Esto tiene una repercusión negativa entre los jóvenes menores, quienes se hacen una imagen falsa de lo que es el sexo realmente llegando a ejercer incluso violencia sobre la otra persona en su afán de hacer realidad la fantasía que han conocido a través del porno. Por otra parte, es "preocupante", además que el 36 % de los jóvenes incita a tener relaciones sexuales sin preservativo

Lo que agrava más la situación porque se exponen completamente a transmitirse enfermedades a través de los órganos genitales, desconociendo el alcance de esta problemática y las consecuencias de dichas enfermedades en el tiempo, ya que muchas son irreversibles y cuyo contagio se puede evitar, si se recibe la educación sexual que merecen. 

Clamidia y gonorrea, las enfermedades más frecuentes

La clamidia y la gonorrea son las dos enfermedades de transmisión sexual más comunes entre los jóvenes. De hecho, la clamidia aumentó un 128% en los menores de 20 años. Esta enfermedad provoca en las mujeres secreción vaginal anormal y sensación de ardor al orinar. Y en los hombres, secreción del pene y ardor y dolor al orinar. 

El problema no se queda ahí porque la clamidia, además, puede originar enfermedades inflamatorias en la pelvis y aumentar el riesgo de infección en las trompas de falopio o del útero, lo que quiere decir que repercute en la fertilidad. Los hombres, por su parte, pueden terminar siendo estériles, si la infección es grave perjudica a los testículos y a la próstata. 

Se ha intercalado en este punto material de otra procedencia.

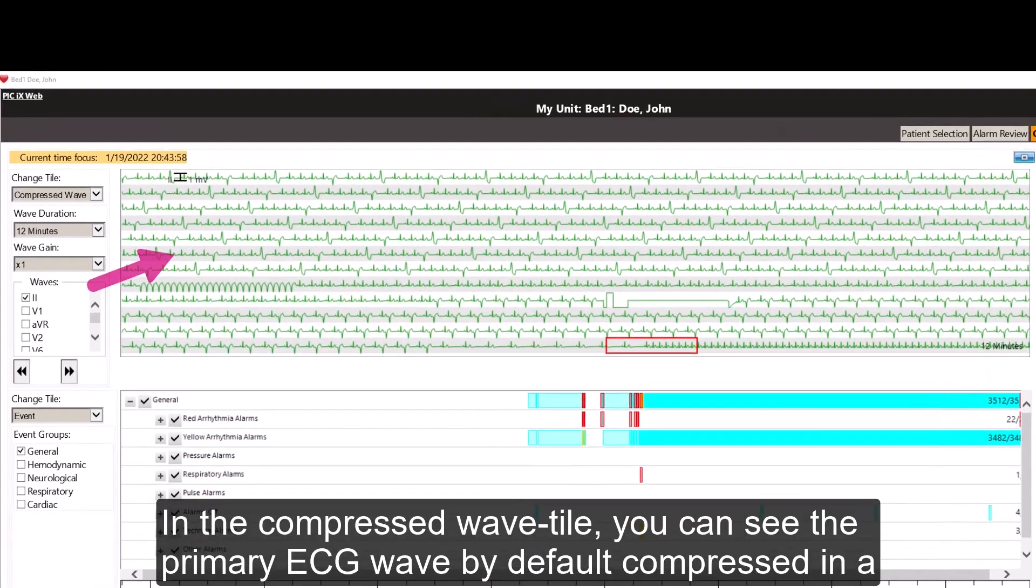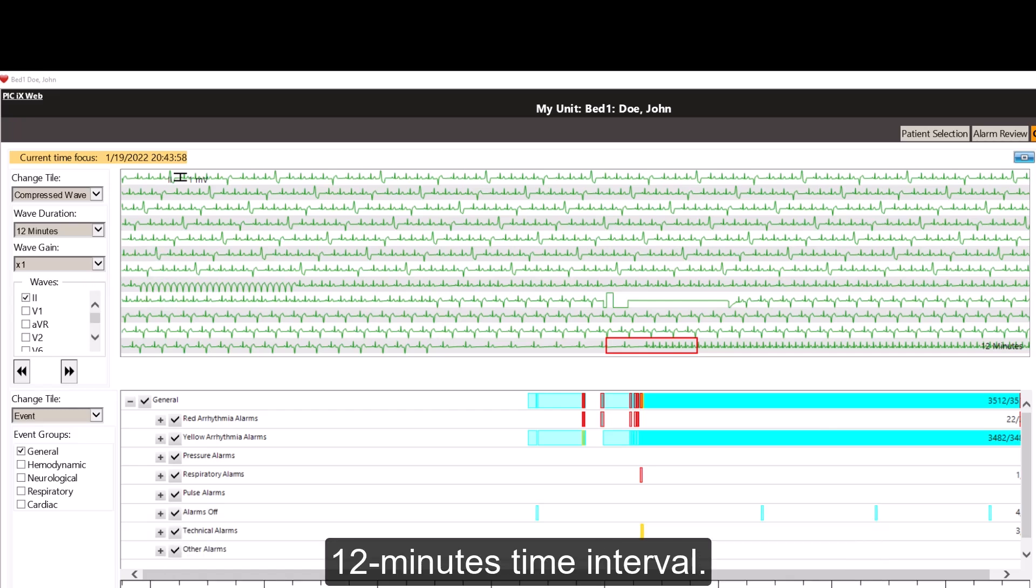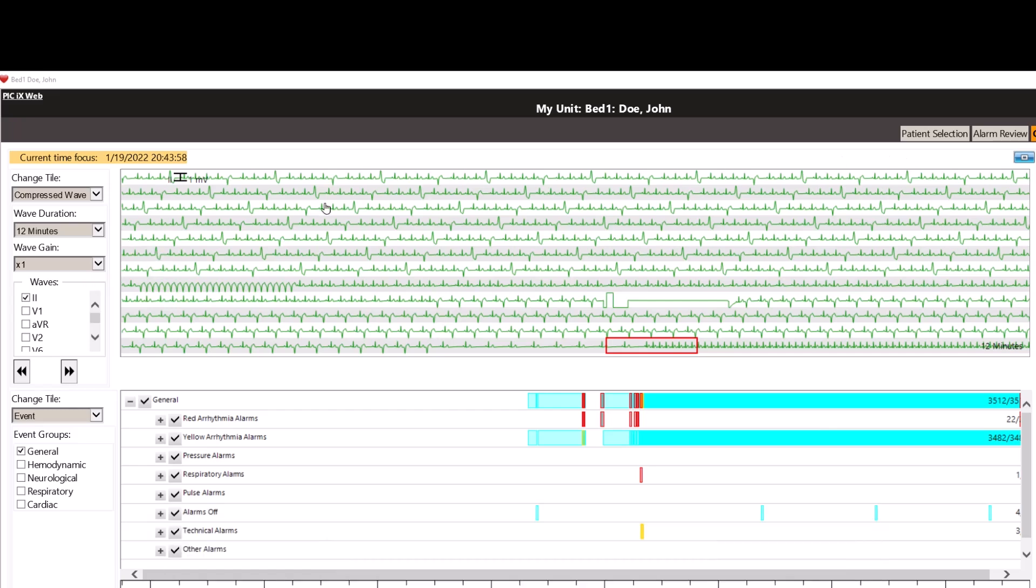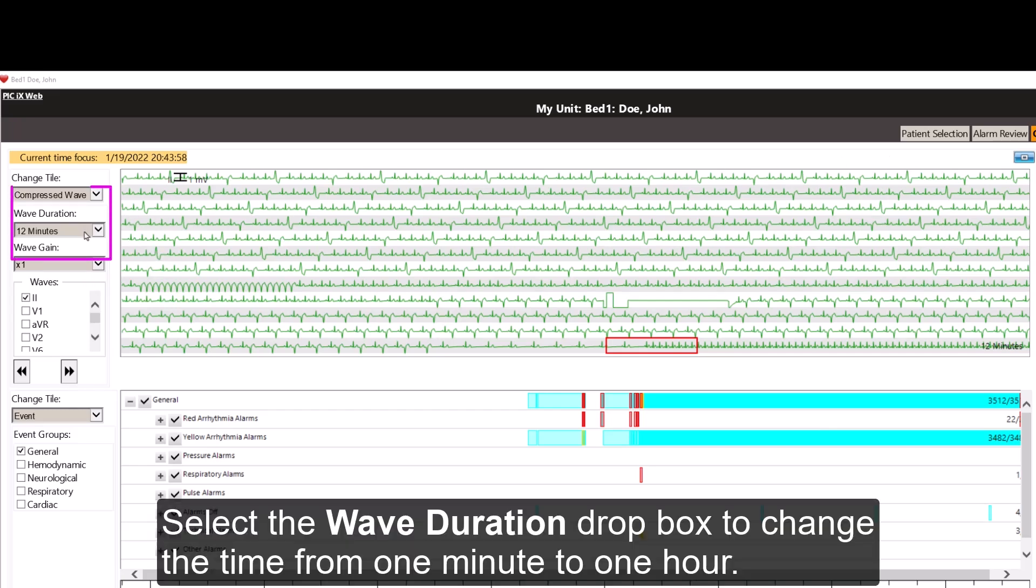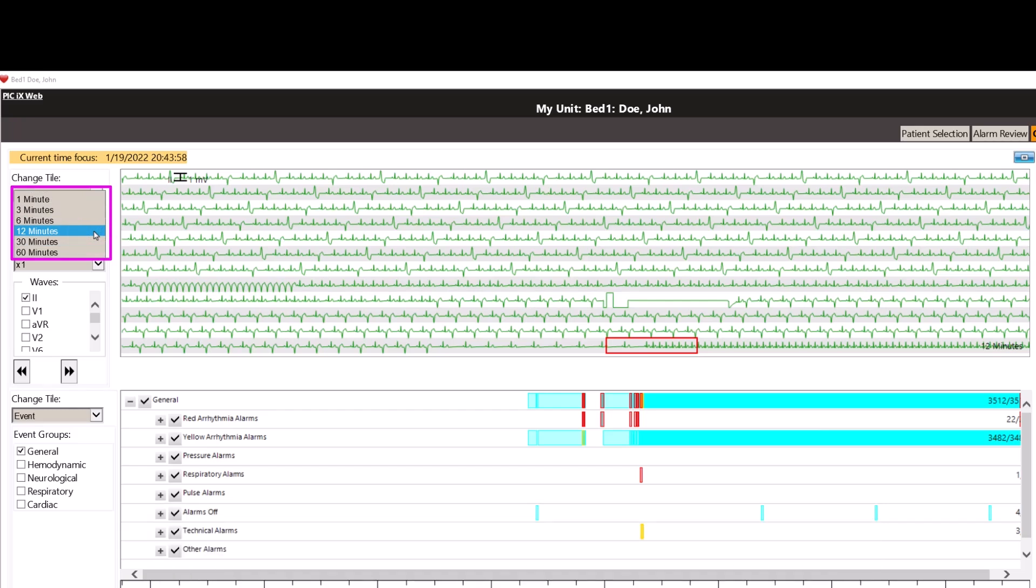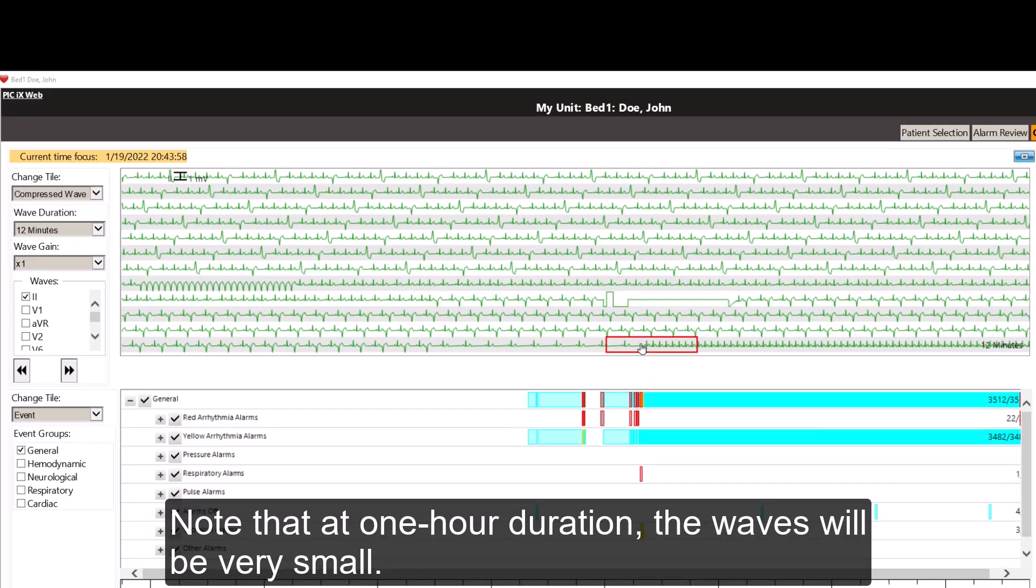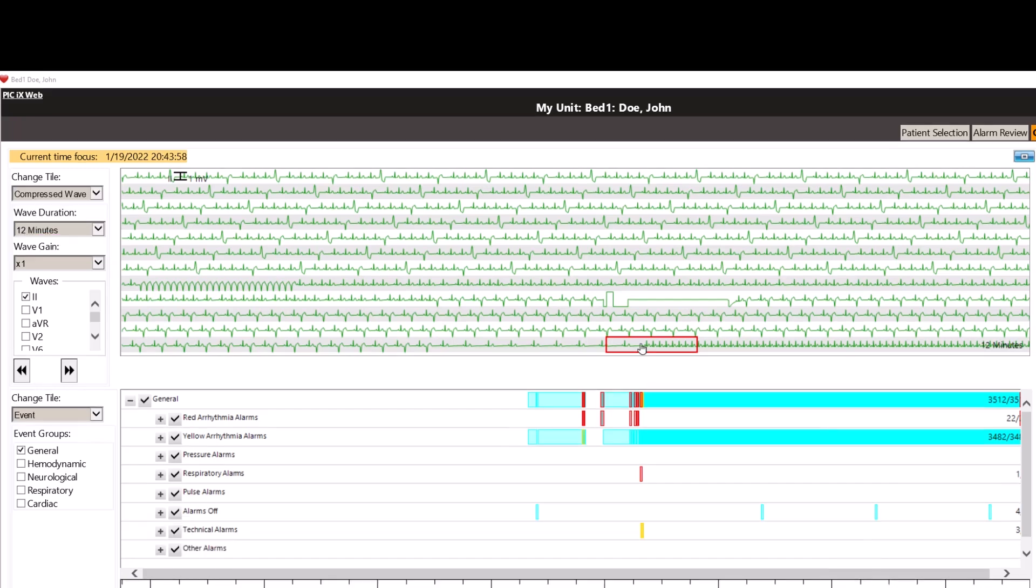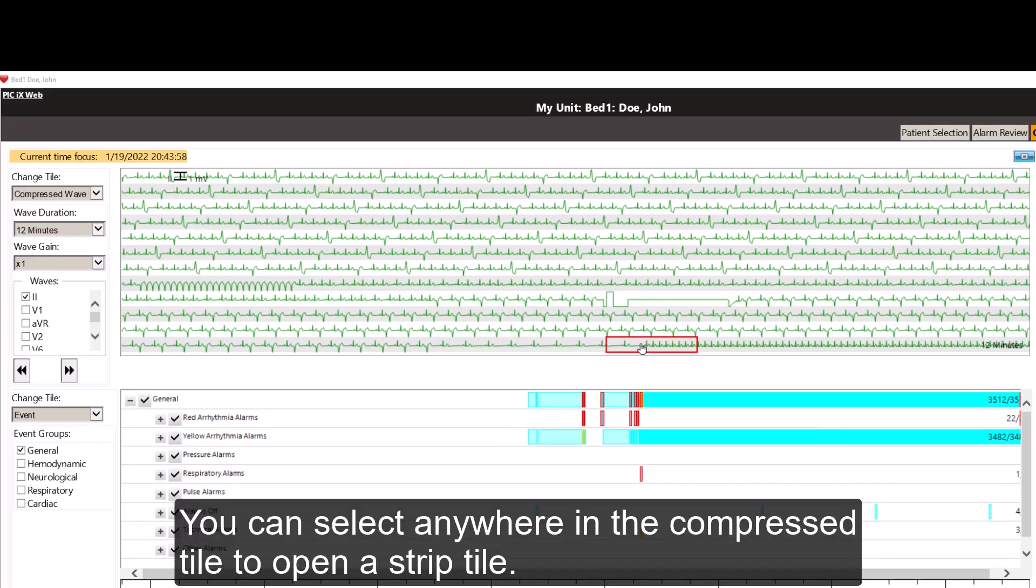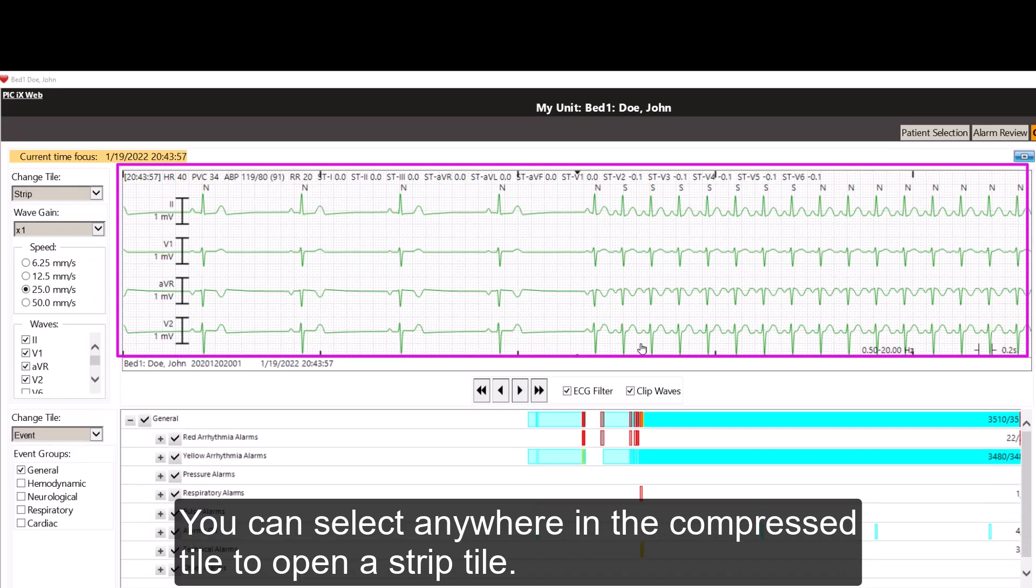In the compressed wave tile, you can see the primary ECG wave by default compressed in a 12 minutes time interval. Select the wave duration drop box to change the time from 1 minute to 1 hour. Note that at 1 hour duration, the waves will be very small. You can select anywhere in the compressed tile to open a strip tile.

Por lo que respecta a la gonorrea, es una enfermedad producida por la bacteria gonococo (Neisseria gonorrhoeae). En el hombre provoca, dolor al orinar, secreciones en el pene, hinchazón y dolor en un testículo. A las mujeres les provoca sangrado entre reglas, dolor abdominal, aumento del flujo vaginal y dolor al orinar. Si la enfermedad se complica, tanto en hombres como en mujeres, puede afectar a la fertilidad. 

La educación sexual empieza en casa

La conversación sobre el sexo en las familias no debería ser un tabú. Es necesario que se den unas  pinceladas de educación sexual ya que es un área más en fase de desarrollo para los niños que, desde el punto de vista de los profesionales, "no se puede dejar de atender".

“Si en casa no hablamos de esto" -afirma la psicóloga y sexóloga Mamen Jiménez- "estamos transmitiendo un mensaje con ese silencio: que es un tema tabú y, con ello, se le empiezan a adherir connotaciones negativas”. En conclusión y prosigue Jiménez en el portal CuídatePlus "aun sin querer, estamos dando una educación afectivo-sexual, así que más nos vale ser conscientes de qué mensajes transmitimos, ya que los vamos a transmitir sí o sí”.   

Quedando esto claro, hay muchos padres y madres que se plantean a qué edad se puede hablar con sus hijos de educación sexual. Antes de preguntarse cuándo y cómo hablar de sexo con los niños, hay que dejar claro los conceptos sexo y sexualidad con los que podremos comprender las diferencias entre la infancia y la edad adulta.

En primer lugar, la sexóloga puntualiza que la noción del sexo y la sexualidad como algo erótico es puramente adulta. “La sexualidad infantil es exploración y conocimiento. En tanto en cuanto tenemos un cuerpo, todo lo que sabemos y aprendemos del mundo, cómo nos relacionamos, etc. pasa a través del cuerpo necesariamente”. Y hasta dónde hay que contar. 

Si alguna vez te hace una pregunta al respecto, es recomendable preguntarle qué cree que es. De esta forma te da una pista de la información que sabe. En función de lo que te conteste y de la edad del niño, trata de adaptar la respuesta a su edad y a su lenguaje, llamando a las cosas por su nombre y evitando perderse en los detalles. 

Es importante que hables de sexo en casa para que no resuelvan sus dudas en otra fuente de "información" como la pornografía como lo hacen dos de cada diez jóvenes y hagan del sexo una práctica errónea y poco recomendable poniendo en peligro su salud y la de la otra persona.